If you can't, on a non-rebounding FT, observe the players outside the 3-point line from the division line (which is a point you claim as the reason for the T to drop down), you should retire.

While you can make the arguement that the rules should be enforced the same everywhere, that argument doesn't apply to mechanics. The mechanics book just provides guidelines, not a rules. Nothing in the mechanics book is required unless your local organization chooses to adopt it. Of course, many do, but many do not. There is no one right way to do mechanics. All that matters is that the crew knows what to expect of each other...who is watching what, etc.
1. Managing the game does NOT include being taken away from your duty to assist your partners by a coach. That's called leaving your partners in a lurch and expecting them to cover for you.

2. It depends where those players are standing. If they are right on the 3pt arc and contesting for position, then the T had better be down by the 28 foot mark to see if they break the plane of the 3pt line. The C is busy watching the FT shooter for that same violation and can't focus on both spots.
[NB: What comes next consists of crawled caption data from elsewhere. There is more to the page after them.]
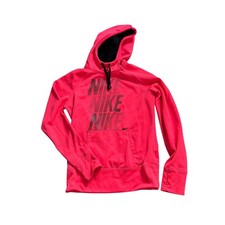 Nike Therma-Fit Woman's Pink Therma-Fit Hoodie S Black Logo Kangaroo Pocket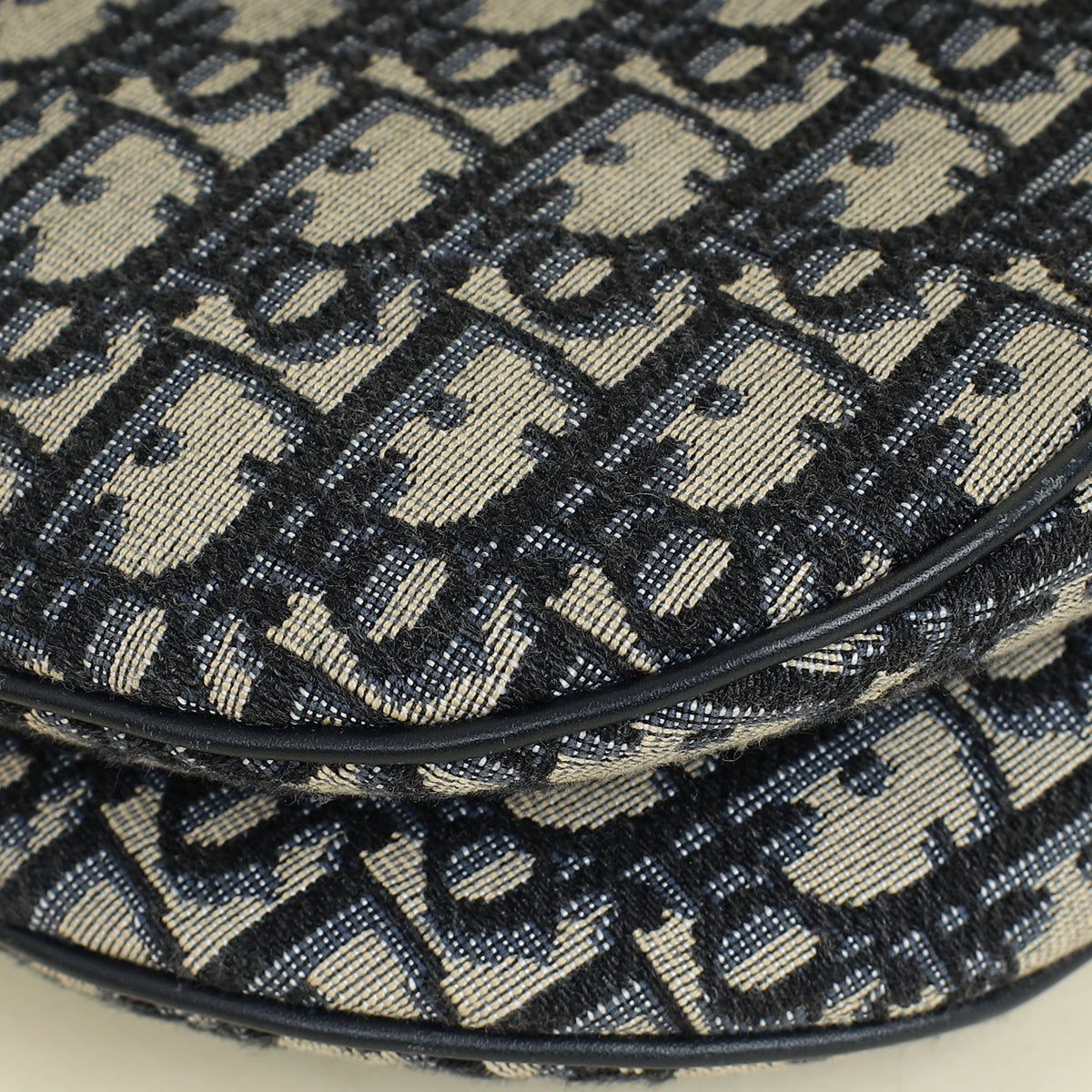 Christian Dior Navy Oblique Saddle Medium Bag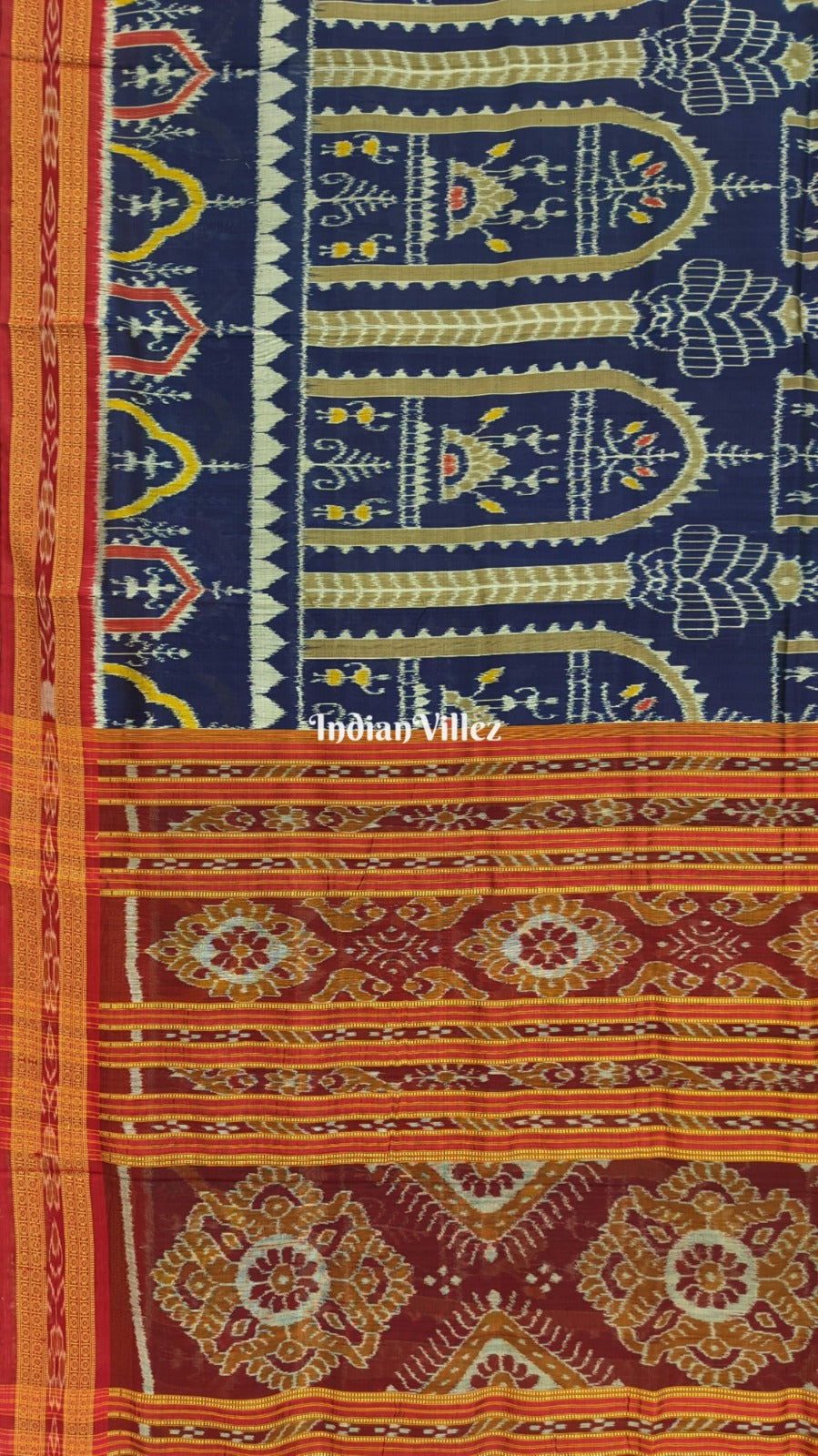 Blue Tribal Odisha Ikat Khandua Silk Saree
If the majority of the players are back by the division line or behind, then that is where the T should be, and not to be chatting with the coach, but to be observing those players.

3. While the mechanics are suggested guidelines and I agree that the most important thing is for the crew to understand their responsibilities and be able to handle them, the mechanics are what they are because these methods have been tried and tested by many officials for years and found to give the officials the best probability of being in the right position to see the action and thus make the correct call. When a better way of accomplishing this goal is found the mechanic is changed.

They aren't just what someone sitting around a table thinks about where people should stand. They are the official mechanics for good reasons. It is my opinion that too many people have an inflated opinion of themselves and believe that they know better than these many people with many years of experience and unjustifiably alter the prescribed procedures.
More often than not that leads to problems.